Mr. Nusrat Hussain J. Memon, Advocate for appellant / complainant.
Mr. Zulfiqar Ali
Jatoi, Additional Prosecutor General.
J
U D G M E N T
NAIMATULLAH PHULPOTO, J. – Through this Acquittal Appeal, appellant /
complainant Mst. Amina has impugned the judgment dated 22.08.2019. Respondents
/ accused Abdul Razaque son of Abdul Malik Bhutto and Mohsin Hassan son of
Abdul Razaque Bhutto were tried by learned Judicial
Magistrate-II, (MCTC), Ghotki in Criminal Case No.214/2019 for offences
under Sections 337-F(v), 506/2, 34, PPC. On the conclusion of the trial, vide
judgment dated 22.08.2019, above named respondents / accused were acquitted by
the trial Court.
2. Brief
facts of the prosecution case, as reflected in the judgment of the trial Court,
are as under:
“Precisely, facts of the case as contained in FIR are
that, per complainant there was an annoyance in between her husband and accused Abdul Razaque over money
transaction and the accused party used to issue threats of
dire-consequences to them.
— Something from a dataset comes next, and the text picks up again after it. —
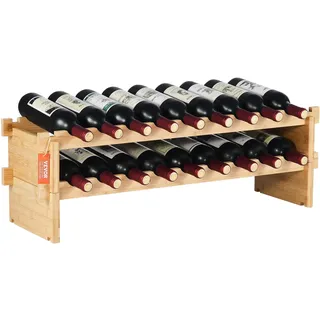 Vevor Weinregal 2-stufig 18 Flaschen 60 x 30 x 80 cm Natürliche Farbe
Complainant further alleges that, on 04.08.2018 she
along with her husband Abdul Razaque and son Abdul Wahab was going for her
medical checkup, in meantime at Mir Pur Minor Bridge they were stopped by
accused Abdul Razaque, Mohsin Hassan who had iron rods in their respective
hands and two unidentified accused persons who were carrying lathies in their
hands, the accused persons arrived in a white color car. Per complainant
accused Abdul Razak and Mohsin Hassan inflicted injuries on her person, whereas
unidentified accused inflicted lathi injuries on the person of her husband and
went away while issuing threats of murder. Hence this FIR was registered.”
FIR was recorded on 27.09.2018 at P.S Mirpur
Mathelo, District Ghotki vide Crime No.139/2018 for offences under Sections 337-F(v),
324, 506/2, 34, PPC.
3. On
the conclusion of the investigation, challan was submitted against the accused
under Sections 337-F(v), 506/2, 34, PPC.
4. Trial
Court framed the charge against the accused. They did not plead guilty and
claimed to be tried.
5. At
the trial, prosecution examined six (06) prosecution witnesses. Thereafter, prosecution
side was closed.
6. Statements
of accused were recorded under Section 342, Cr. P.C at Ex.12 and 13, in which accused
claimed false implication in this case and denied the prosecution allegations.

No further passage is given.